WHAT IS EXPECTED -> Look for the string "Green" in the listing below and copy every line in which it appears.
DATA FOR PROCESSING START
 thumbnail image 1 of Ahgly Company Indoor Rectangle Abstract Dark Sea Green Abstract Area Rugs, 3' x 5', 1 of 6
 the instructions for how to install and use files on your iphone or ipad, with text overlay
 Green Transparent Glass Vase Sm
DATA FOR PROCESSING END
DATA FOR PROCESSING START
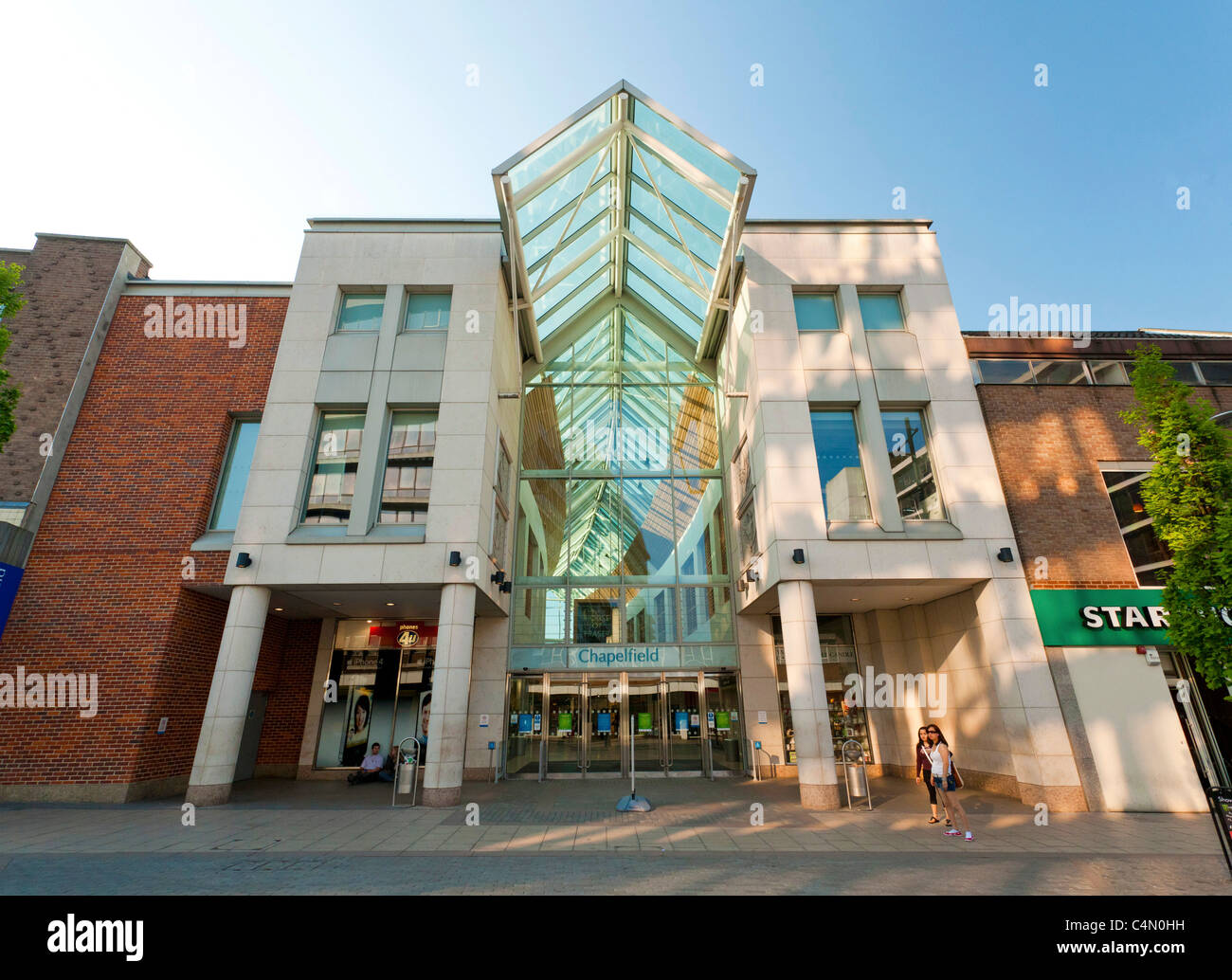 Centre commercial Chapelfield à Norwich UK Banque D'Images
DATA FOR PROCESSING END
OUTPUT ->
 thumbnail image 1 of Ahgly Company Indoor Rectangle Abstract Dark Sea Green Abstract Area Rugs, 3' x 5', 1 of 6
 Green Transparent Glass Vase Sm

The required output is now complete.